Task to complete >> In the records below, find the line that contains "Navy Suede Leather Loafers - 01619ZLCVM01" and the line that contains "Steampunk plaukų lankelis Mini kepurė"; write out exactly those two lines and everything between them, without the pictures.

Input material >>
==========

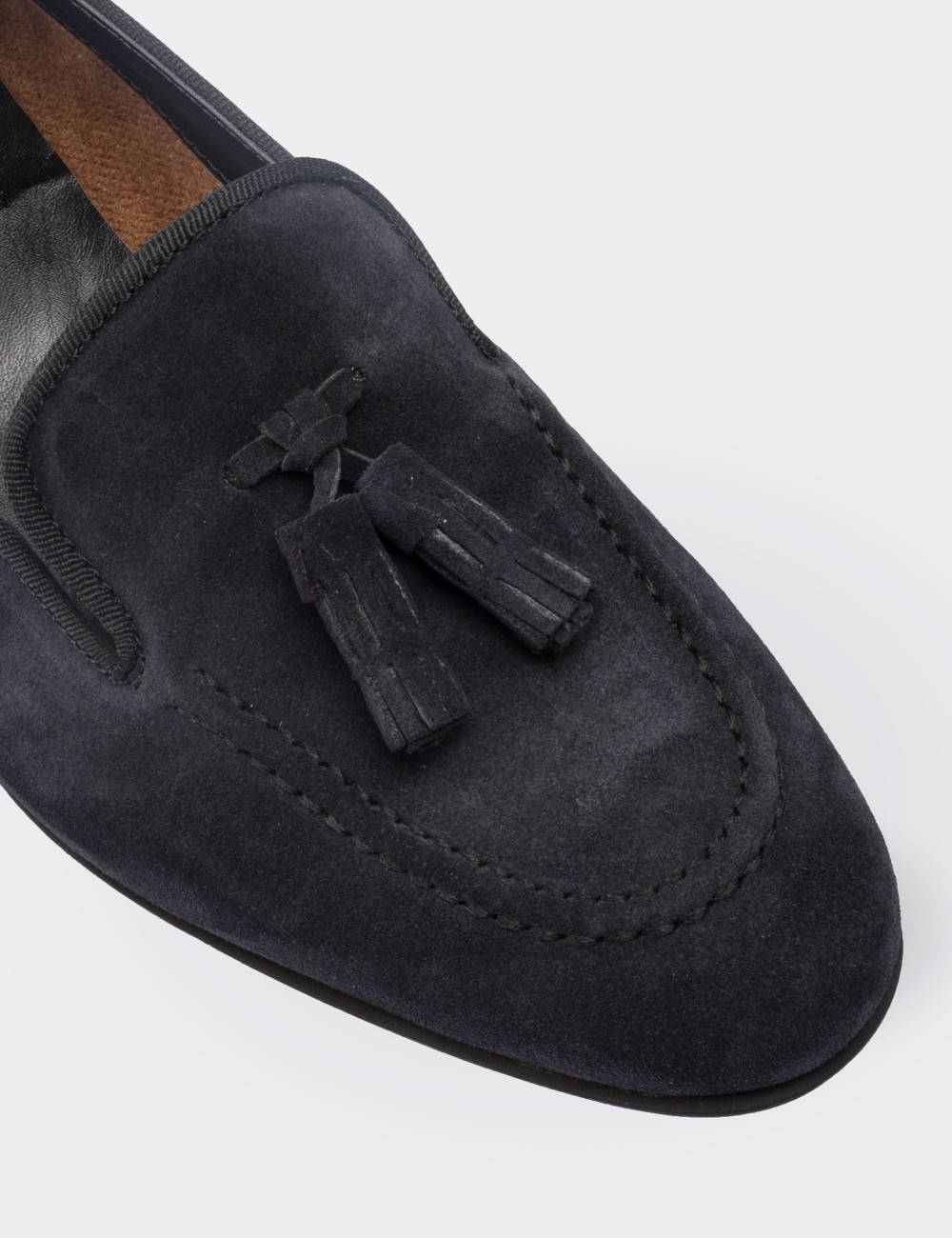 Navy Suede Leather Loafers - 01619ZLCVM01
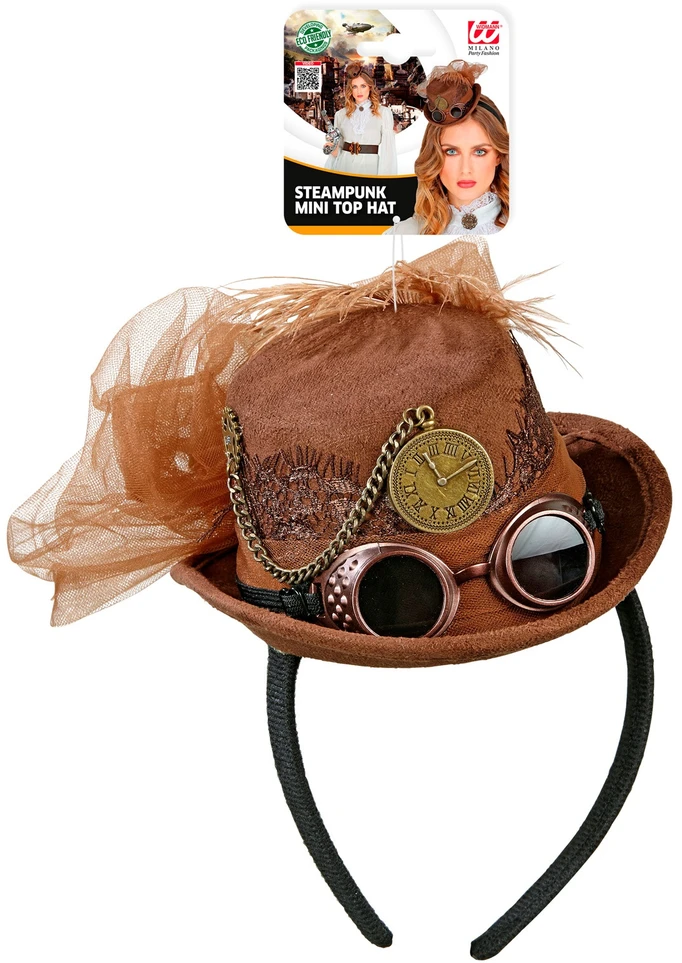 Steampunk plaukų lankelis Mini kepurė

==========

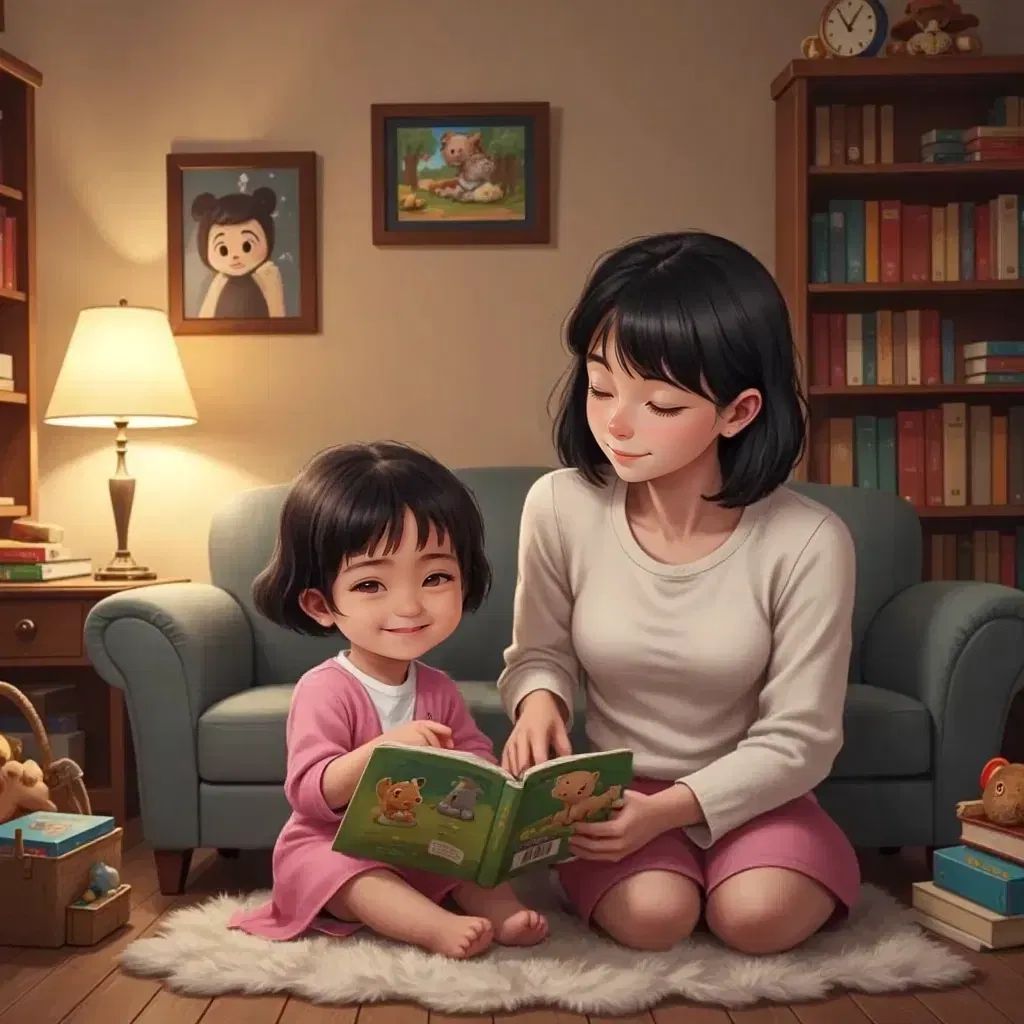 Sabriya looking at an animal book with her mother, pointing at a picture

==========

Answer to the problem >>
 Navy Suede Leather Loafers - 01619ZLCVM01
 Steampunk plaukų lankelis Mini kepurė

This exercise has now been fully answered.